▶ **Instructions for the task**
Return the entries below in their exact form, leaving the pictures out.
##########
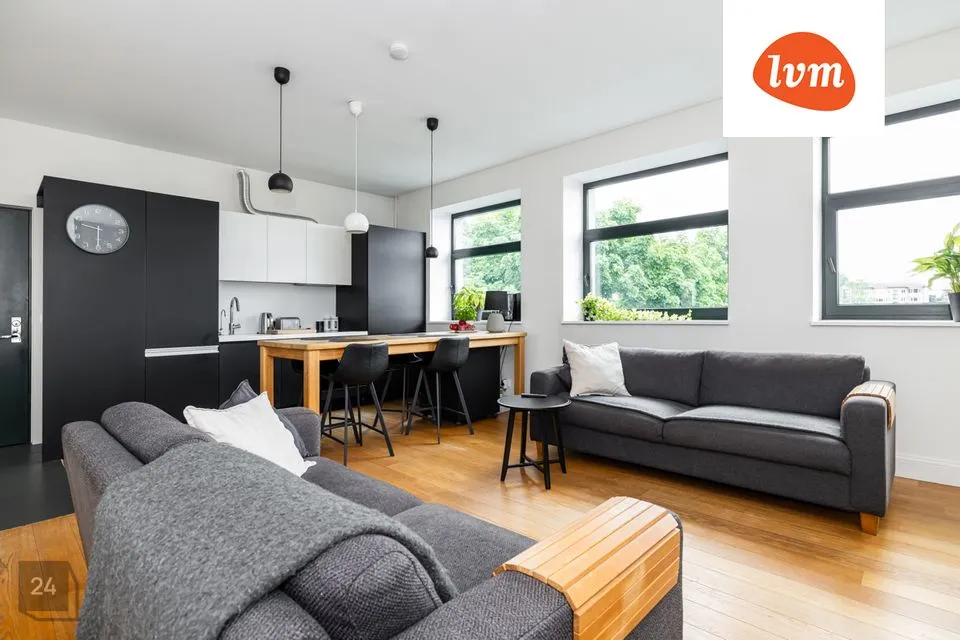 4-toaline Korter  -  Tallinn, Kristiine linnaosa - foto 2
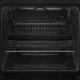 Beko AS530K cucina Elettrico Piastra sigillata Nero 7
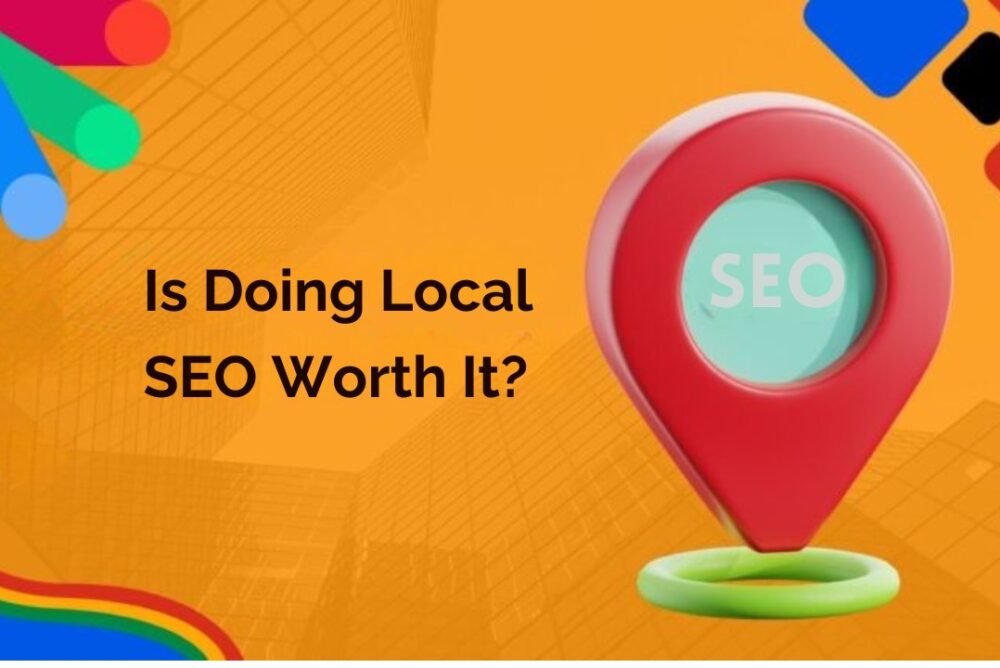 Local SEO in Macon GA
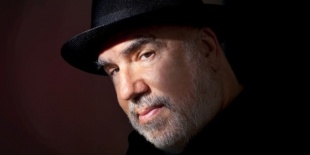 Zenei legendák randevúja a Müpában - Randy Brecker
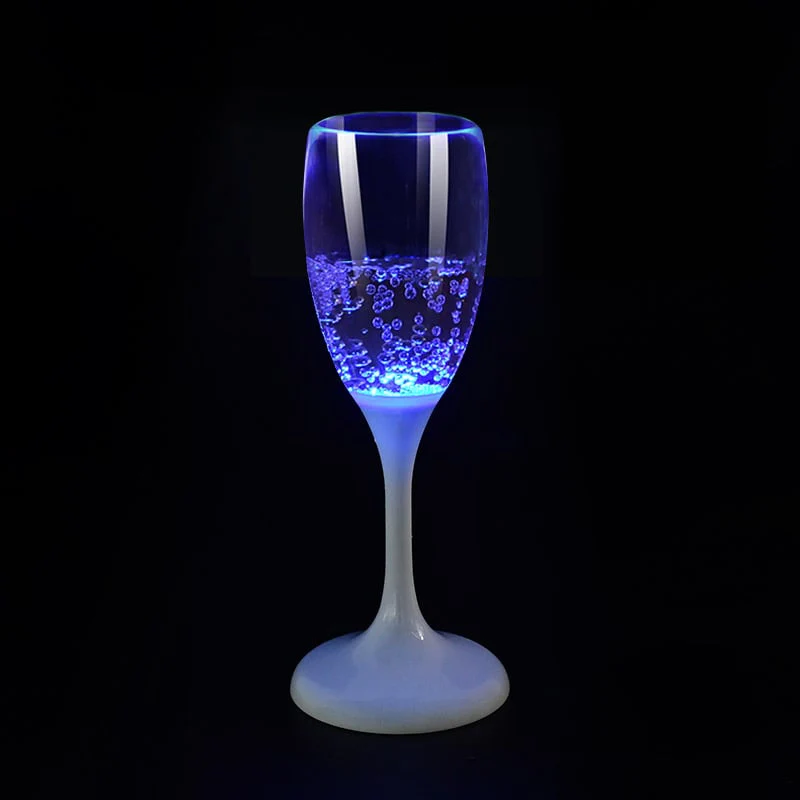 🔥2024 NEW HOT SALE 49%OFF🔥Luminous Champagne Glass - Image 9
##########
▶ **Solution below**
 4-toaline Korter  -  Tallinn, Kristiine linnaosa - foto 2
 Beko AS530K cucina Elettrico Piastra sigillata Nero 7
 Local SEO in Macon GA
 Zenei legendák randevúja a Müpában - Randy Brecker
 🔥2024 NEW HOT SALE 49%OFF🔥Luminous Champagne Glass - Image 9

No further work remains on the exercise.